» Data shown
►
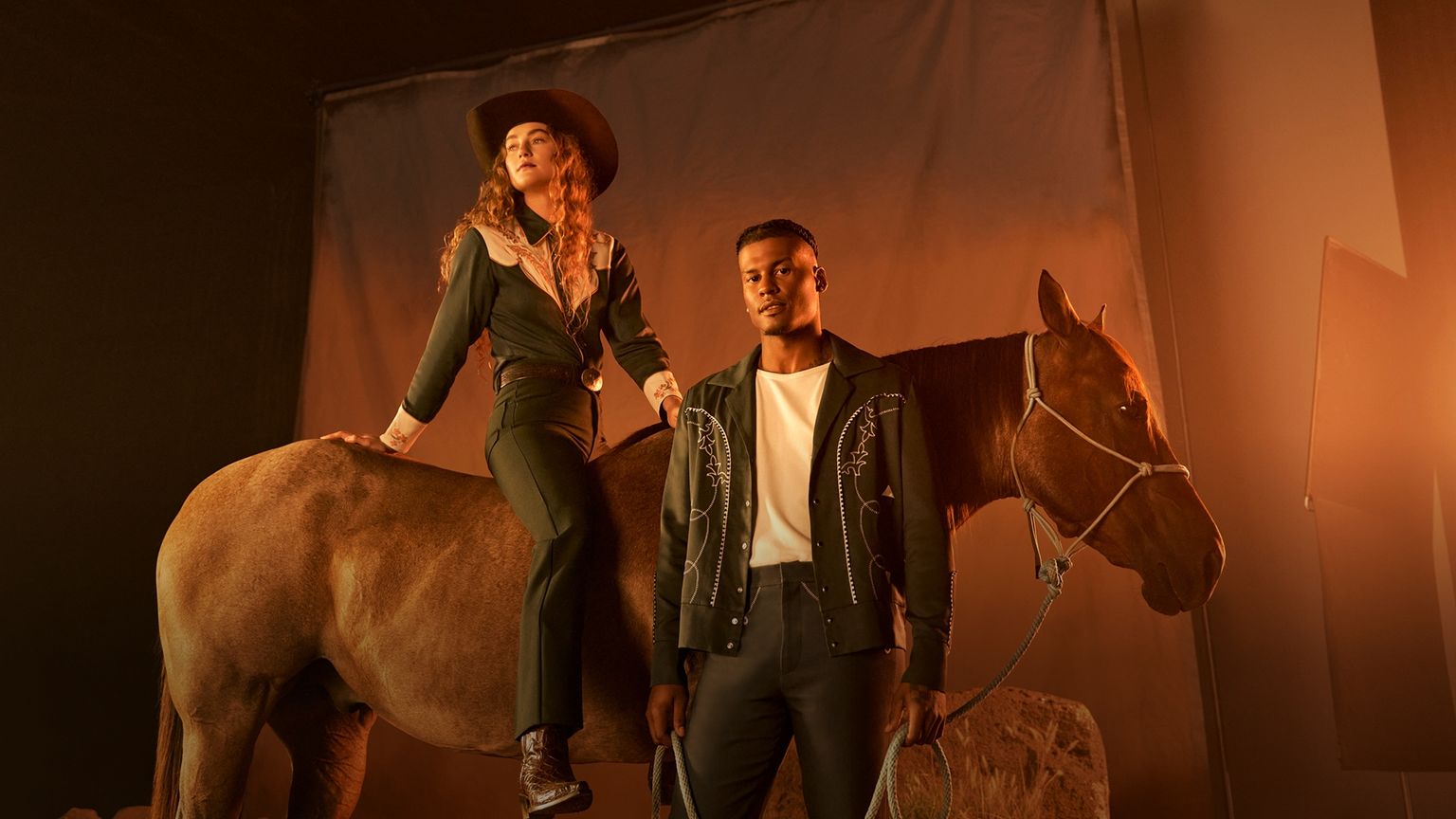 A woman in Western attire sits on a horse while a man in a black jacket stands beside them, holding the reins, with a plain backdrop and warm lighting.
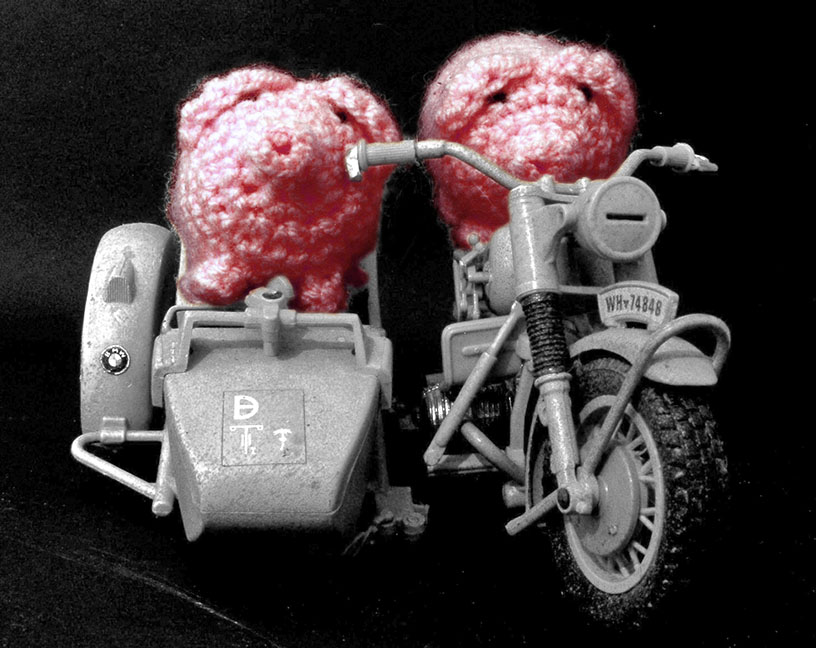Zwei haekelschweine auf einem kleinen Motorrad mit Beiwagen.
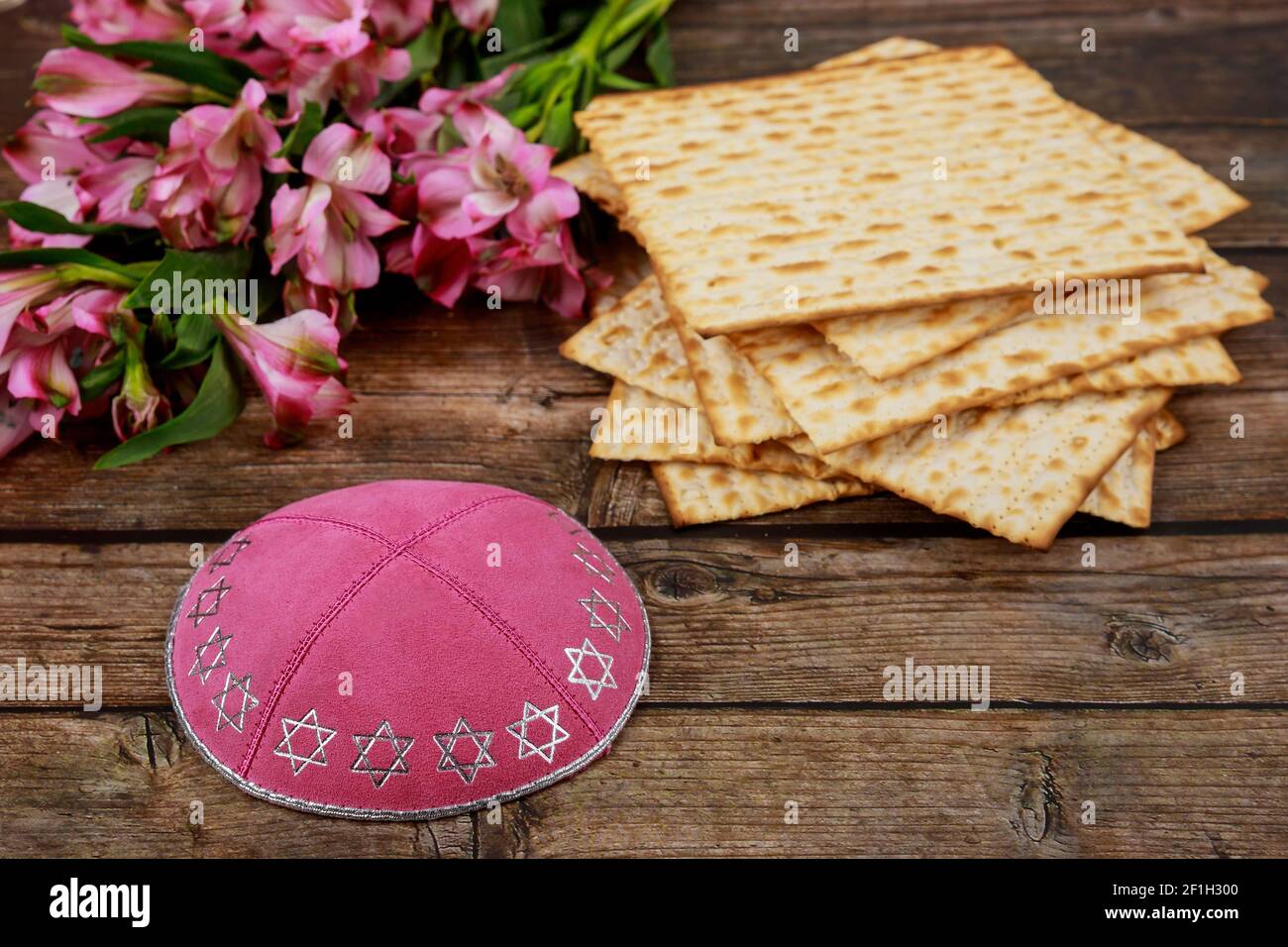 Jewish matzah bread with kippah and flowers on wooden rustic background ...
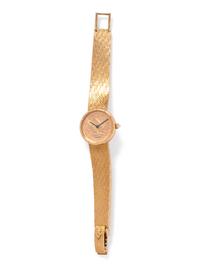 CORUM, 18K YELLOW GOLD US $5 COIN WRISTWATCH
◄
» Task to complete
Everything in the listing above is to be given again exactly, apart from the pictures.

» Task response
 A woman in Western attire sits on a horse while a man in a black jacket stands beside them, holding the reins, with a plain backdrop and warm lighting.
Zwei haekelschweine auf einem kleinen Motorrad mit Beiwagen.
 Jewish matzah bread with kippah and flowers on wooden rustic background ...
 CORUM, 18K YELLOW GOLD US $5 COIN WRISTWATCH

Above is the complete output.